Staf Eni Cerita Empat Kali Terima Uang dari Sekretaris Kotjo dalam Amplop, Hingga Plastik Hitam
Tahta mengaku baru mengetahui tentengan itu berisi uang Rp 2 miliar. Uang tersebut diserahkan kepada Eni di rumah Eni pada hari yang sama.
Penulis: Theresia Felisiani
Editor: Hendra Gunawan
Laporan Wartawan Tribunnews.com Theresia Felisiani
TRIBUNNEWS.COM, JAKARTA - Staf Ahli Eni Maulani Saragih, Tahta Maharaya hadir menjadi saksi di Pengadilan Tipikor Jakarta, Rabu (26/12/2018) untuk terdakwa Eni di perkara dugaan suap dan gratifikasi.
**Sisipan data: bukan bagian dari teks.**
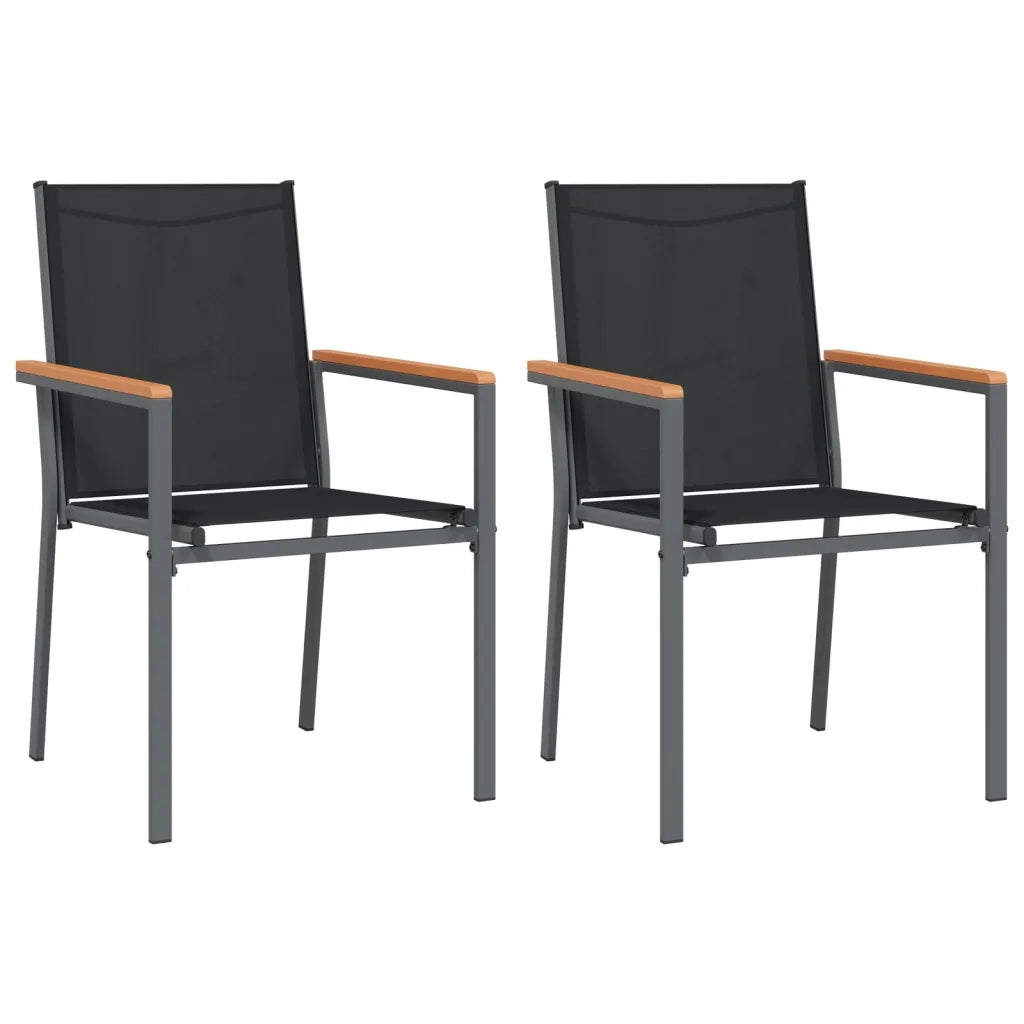 Sedie da Giardino 2 pz Nere 55x61,5x90 cm Textilene e Acciaio 364099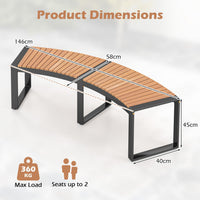 Patio Curved Bench Set of 1/2 Acacia Wood Fire Pit Bench with Slatted Seat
Di persidangan, Tahta mengaku pernah menerima uang dari Ratna, Sekretaris Johannes Budisutrisno Kotjo sebanyak empat kali di Graha BIP, Gatot Subroto. Seluruh penerimaan itu langsung diserahkan Tahta ke Eni.
"Untuk yang pertama di akhir 2017. Dia (Ratna) menyerahkan amplop ke saya," kata Tahta di Pengadilan Tipikor Jakarta.
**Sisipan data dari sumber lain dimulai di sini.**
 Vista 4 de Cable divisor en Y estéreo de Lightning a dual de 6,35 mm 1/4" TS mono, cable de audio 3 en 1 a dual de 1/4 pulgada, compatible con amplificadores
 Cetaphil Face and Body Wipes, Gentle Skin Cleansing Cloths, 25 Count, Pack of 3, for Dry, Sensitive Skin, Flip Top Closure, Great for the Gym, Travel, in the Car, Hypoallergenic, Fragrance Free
Tahta mengaku tidak tahu isi amplop berwarna putih itu, dia hanya diminta menandatangani tanda terima.
Sementara isi amplop baru diketahui Tahta saat penyidikan di KPK, yang ternyata isinya cek dengan nominal Rp 2 miliar.
Kembali Tahta diperintah Eni pada Maret 2018 untuk menemui sekretaris Kotjo. Dalam pertemuan kedua, Tahta menerima dua plastik hitam. Ia tidak tahu isi plastik itu. Kantung tersebut lanjut ditenteng oleh Tahta.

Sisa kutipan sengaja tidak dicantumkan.